Impressions of Paris, Ontario
Aug. 15th, 2006 04:12 pmIt's strikingly pretty, the store fronts typical of any small Southwestern Ontario town, but the surrounding forested hillsides atypical. Nestled at the confluence of the Grand and Nith rivers, Paris is reputedly a good place to search for antiques. I've passed through many times en route to Simcoe, where my father's parents are buried and I spent a summer surveying Carolinian woodlands, but never had occasion to stop until yesterday afternoon. No money in my pockets to shop for anything except images.
After photographing the shops backing off Grand River Street (
doorwindowwall), and the surface of the water (
texture), I followed a middle-aged woman down a reclining sidestreet. It was a warm Monday afternoon, the wind promising rain. People had left front doors standing open.
The voice of an old man gave lessons to someone playing an out-of-tune piano. It was something that could have happened a century ago. Brick and clapboard houses with overflowing flower beds enhanced the mood, transporting me back. Through another screen tinkled the sound of a woman washing dishes by hand. In a garden behind the same house, a teenage girl in overalls sprawled reading on a bench among Rudbeckias and roses. Orange mountain-ash berries littered the sidewalk. The street wound upwards again, to a rusty steel footbridge spanning the Nith River. In a riverside park, two women faced one another across a picnic table. Downstream, in shade where large maples extended branches over the current, four adolescent boys sat talking.

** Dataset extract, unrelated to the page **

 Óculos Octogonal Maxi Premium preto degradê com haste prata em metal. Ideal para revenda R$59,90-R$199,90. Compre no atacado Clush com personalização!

Back toward downtown, a faded house backed onto the street. Beyond two windows in separate front rooms, an elderly couple sat at separate keyboards, computer light reflected in their glasses, drawing me back to the present. On a bench in front of a variety store, a man with unkept grey hair sat severely bent, eyes a few inches above his knees, peering as he painstakingly scratched a lottery card.